This budding young explorer showed adults how it’s really done on a holiday trip to prehistoric caves.
Nine-year-old Ollie Brockwell-Joyce was visiting Creswell Crags near Worksop last Thursday when he stumbled across a 60,000-year-old tooth belonging to an extinct hyena.
The youngster from Pole Moor was on the trip with grandparents Margaret and David Joyce, of Armitage Bridge, and was playing in a sandy area in the corner of Robin Hood’s cave when he made the incredible discovery.
Nearly passing it off as a piece of flint, the self-confessed dinosaur fanatic looked again and realised it was a tooth, before showing it to a tour guide who confirmed the find as genuine.
And to top off his amazing discovery, the Wilberlee Junior School pupil went back only to discover even more rare fossils.
Ollie, who says he has loved dinosaurs since he was three and wants to be a palaeontologist when he grows up, said: “I found a black shiny thing.
“I thought it was a bit of flint at first but I looked again and realised it was a tooth. I also found an ankle bone from a hare, a piece of quartz and piece of flint.
“The tooth was from a baby cave hyena and it’s 60,000-years-old. The hyenas are extinct now.
“I had to give them to the museum but I got to keep an archaeologist’s medal!”
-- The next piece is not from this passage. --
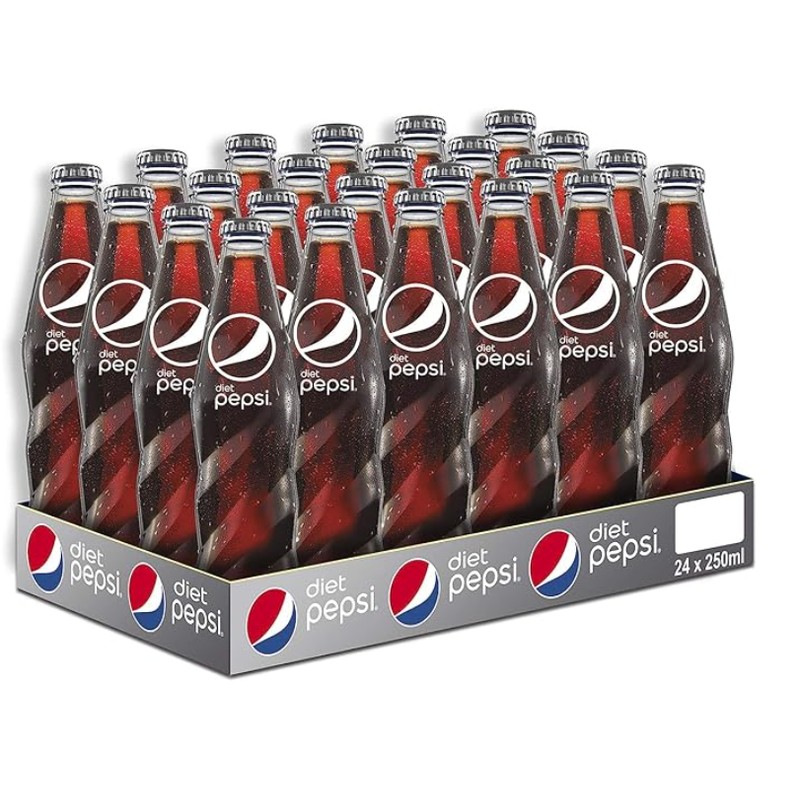 Pepsi Diet Glass 250 ml × 24 - carton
Proud mum Fiona Brockwell, 46, an estate agent, said: “Ollie has always had a passion for dinosaurs since he could talk. He’s got lots of fossils in his bedroom so this really was an exciting discovery for him.”
Staff think the prehistoric relics were the first ever to be found by tourists in the caves. The site was excavated during the Victorian era, which makes the discovery even more special.
Stephanie Tristram, the guide who took Ollie’s tour, says “Ollie told me before we even set off on the tour that he wants to be a palaeontologist when he grows up, so for him to then stumble across a tooth is just incredible.
“He brought it over and said he thought he’d found a piece of flint – when I realised it was a tooth I was stunned.”
The tooth was analysed by Jane Ford, a PhD student, who confirmed its age and species.
Ollie’s name will now be put on the museum’s accession register, meaning he is named as the official discoverer of the artefact.